▼

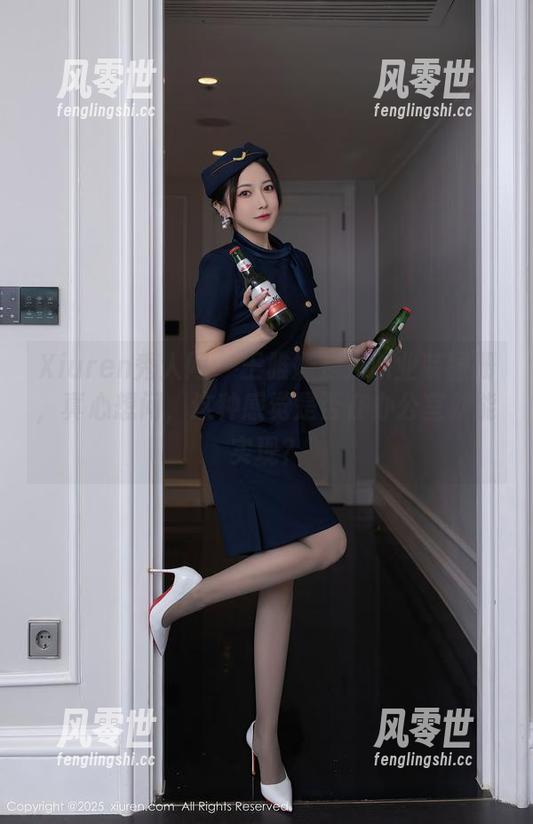 Xiuren秀人网 - 王雅姗是我职业装图册，真心想问，这种感觉是否在办公室就能实现？
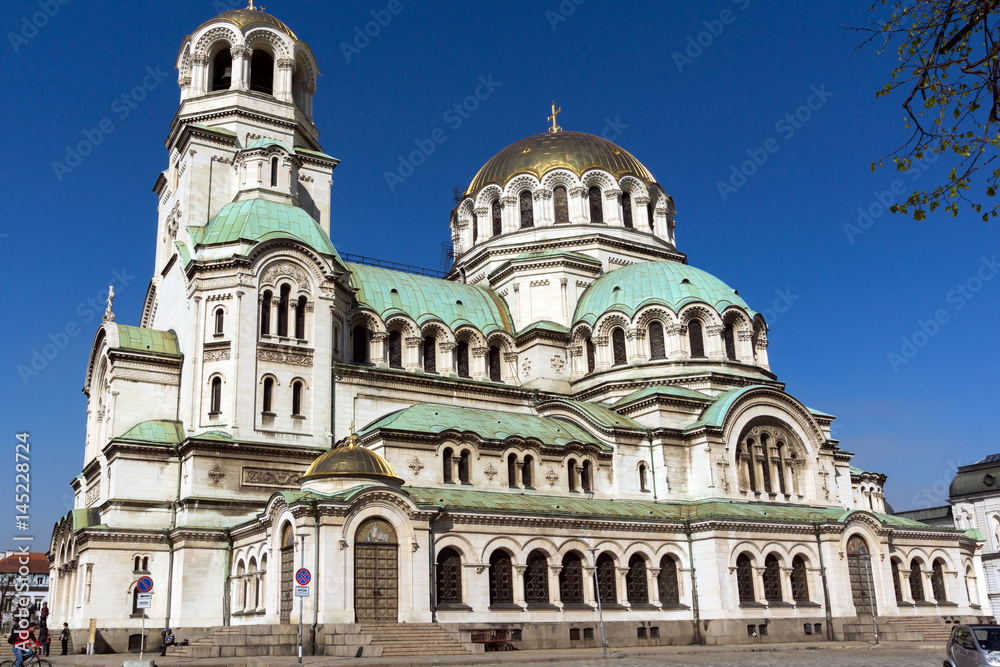 Fototapeta premium SOFIA, BULGARIA - APRIL 1, 2017: Amazing view of Cathedral Saint Alexander Nevski in Sofia, Bulgaria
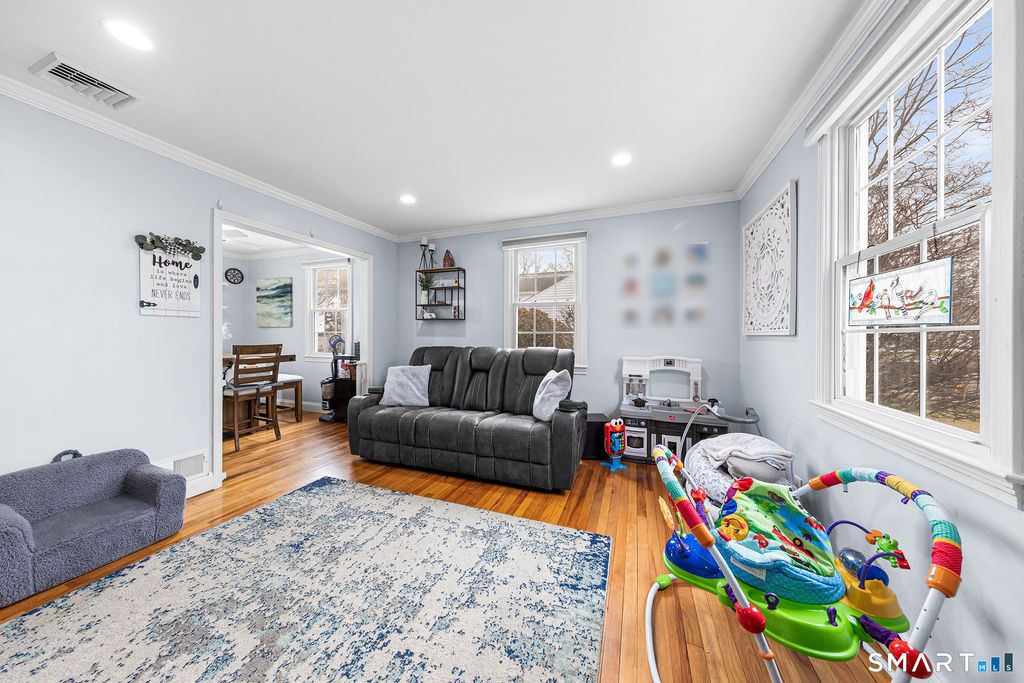 Photo of 163 Sylvan Knoll, Stamford, CT 06902 (MLS # 24149586)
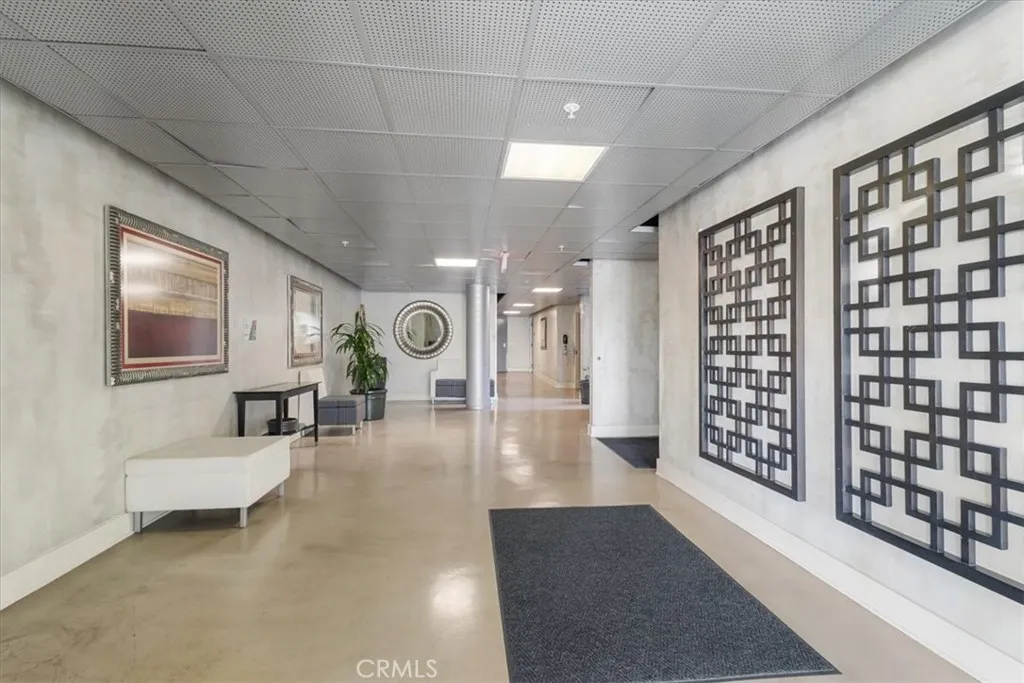 https://cdn.realtyfeed.com/cdn/127/306429986/68a77a30864696c9646956246961e62d.webp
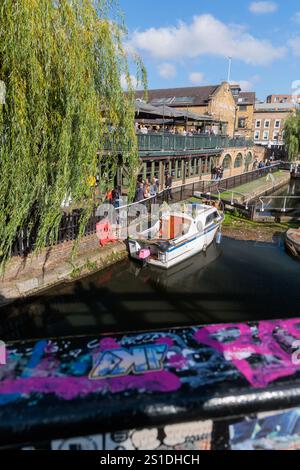 Das Boot legte neben dem Hampstead Road Lock in Camden, London, an Stockfoto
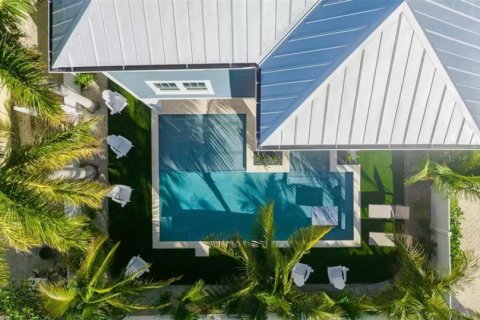 House in Bradenton Beach, Florida 7 bedrooms, 272.95 sq.m. № 2231951 - photo 4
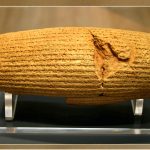 Қаҳрамонон ва хоинон аз дидгоҳи таърих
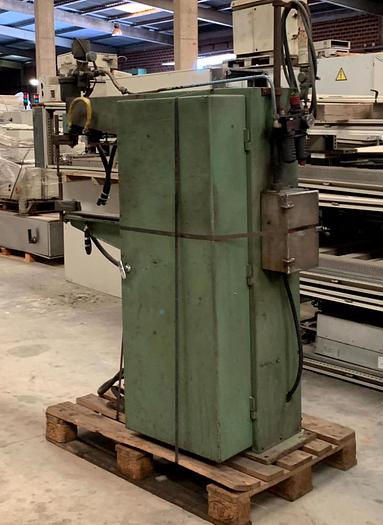 Usado Máquina de soldar por pontos Sciaky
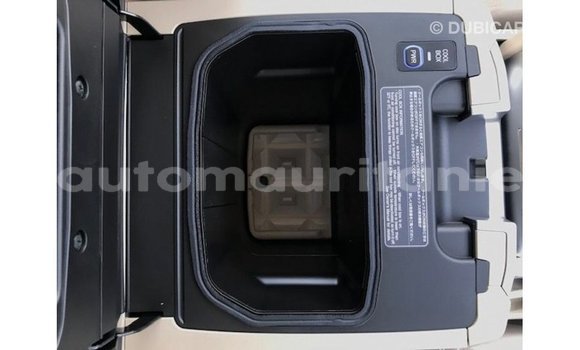 Acheter Import Voiture Toyota Land Cruiser Blanc à Import - Dubai, Adrar Acheter Import Voiture Toyota Land Cruiser Blanc à Import - Dubai, Adrar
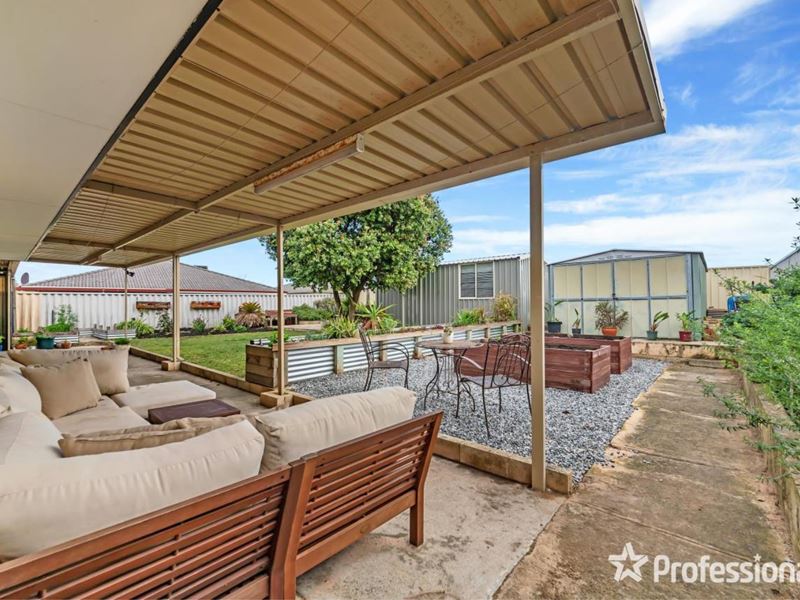 24 Nightingale Way, Warnbro WA 6169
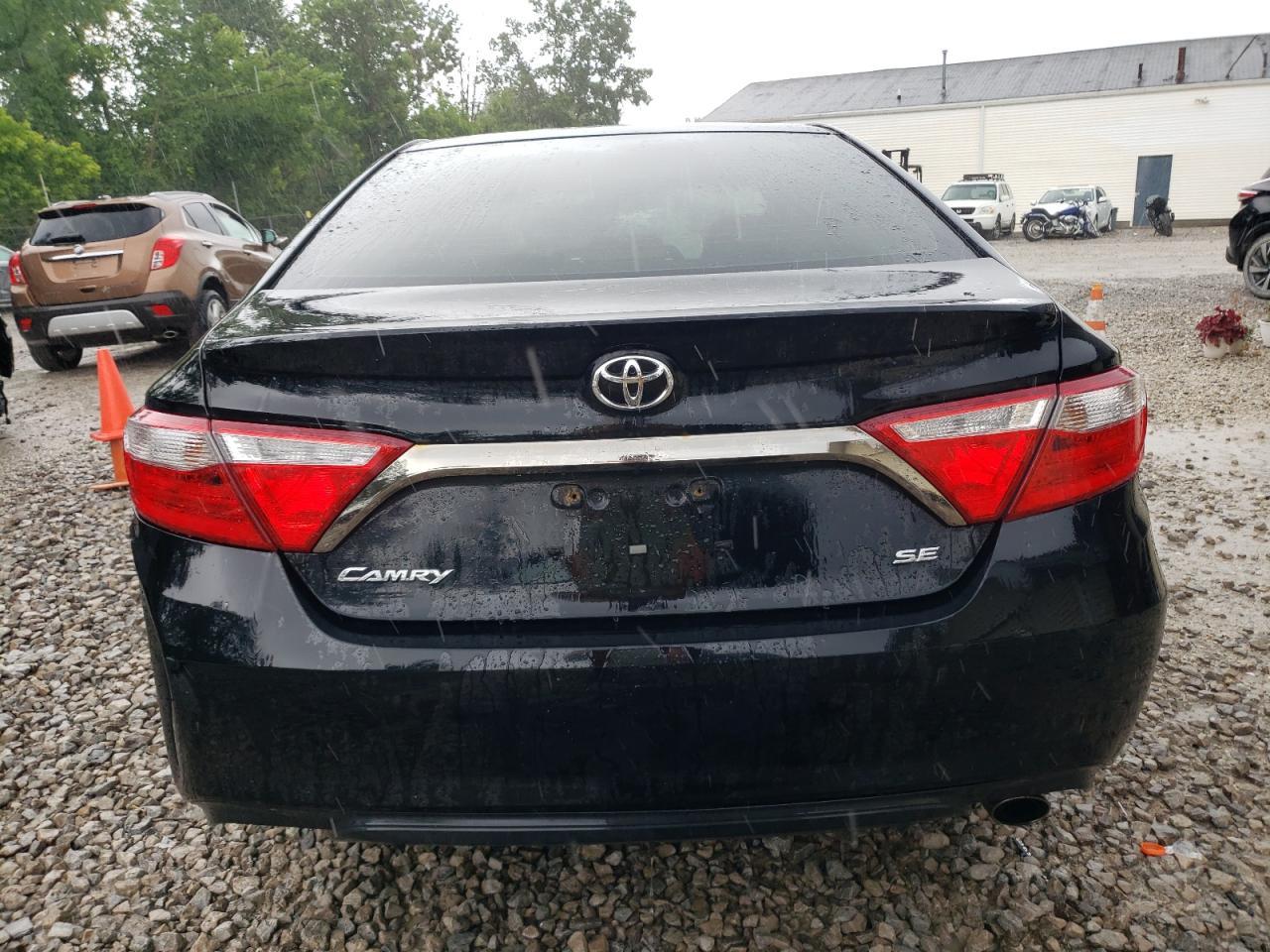 2015 Toyota Camry Le - Image 6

▲

All of the data needs repeating exactly, but the pictures do not.

FINISHED TASK -
 Xiuren秀人网 - 王雅姗是我职业装图册，真心想问，这种感觉是否在办公室就能实现？
 Fototapeta premium SOFIA, BULGARIA - APRIL 1, 2017: Amazing view of Cathedral Saint Alexander Nevski in Sofia, Bulgaria
 Photo of 163 Sylvan Knoll, Stamford, CT 06902 (MLS # 24149586)
 https://cdn.realtyfeed.com/cdn/127/306429986/68a77a30864696c9646956246961e62d.webp
 Das Boot legte neben dem Hampstead Road Lock in Camden, London, an Stockfoto
 House in Bradenton Beach, Florida 7 bedrooms, 272.95 sq.m. № 2231951 - photo 4
 Қаҳрамонон ва хоинон аз дидгоҳи таърих
 Usado Máquina de soldar por pontos Sciaky
 Acheter Import Voiture Toyota Land Cruiser Blanc à Import - Dubai, Adrar Acheter Import Voiture Toyota Land Cruiser Blanc à Import - Dubai, Adrar
 24 Nightingale Way, Warnbro WA 6169
 2015 Toyota Camry Le - Image 6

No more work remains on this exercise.